Nancy Greene Raine is an alpine skier and an Olympic winner who has been voted to be Canada's female ahtlete of the 20th century. After she retired, she's been working to improve several ski resorts. This week, she will open a new Pontiac GMC Cup season. She is also the current chancellor of Thompson River University in British Columbia.
On the radio, she had the following to say about the global warming:
- In science, there's almost never black and white. We don't know what next week's weather is going to be. To say in 50 or 100 years, the temperature is going to do this, is a bit of a stretch for me.

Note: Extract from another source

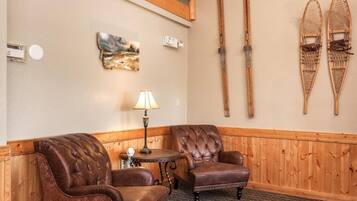 A room with two leather armchairs, a small table with a lamp, wooden skis on the wall, and a painting.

Because no successful and non-trivial enough predictions of the long-term weather patterns have been made so far, it is very reasonable to think that we are not capable to do so at this moment. Also, Ms Greene Raine realizes that things simply can't be as black and white as some people would like to paint them.
But you can guess what such an innocent statement means in the present world: "furor on campus" as Kamloops Daily News, the local daily, called it. "Professors" - even though your humble correspondent would use somewhat less flattering words - immediately demanded Ms. Greene Raine's ouster from the ceremonial post.
Galileo Galilei's legal troubles resulted from his bold statements about the role of the Earth in the Universe, among other things. Larry Summers' troubles resulted from his guess that there could be cognitive differences between men and women. Ms Greene Raine's problems emerged after she said that things are not black and white and we should be more careful in making multi-decadal predictions if we can't do multi-week predictions.
Wall Street Journal thinks that her views are analogous to the views of Freeman Dyson and many others. But the message for Ms Greene Raine is clear: register the support for "good" environmentalists against "bad" skeptics, close your mouth, and submit to whatever prescription the Al Gores of the world prescribe for our salvation.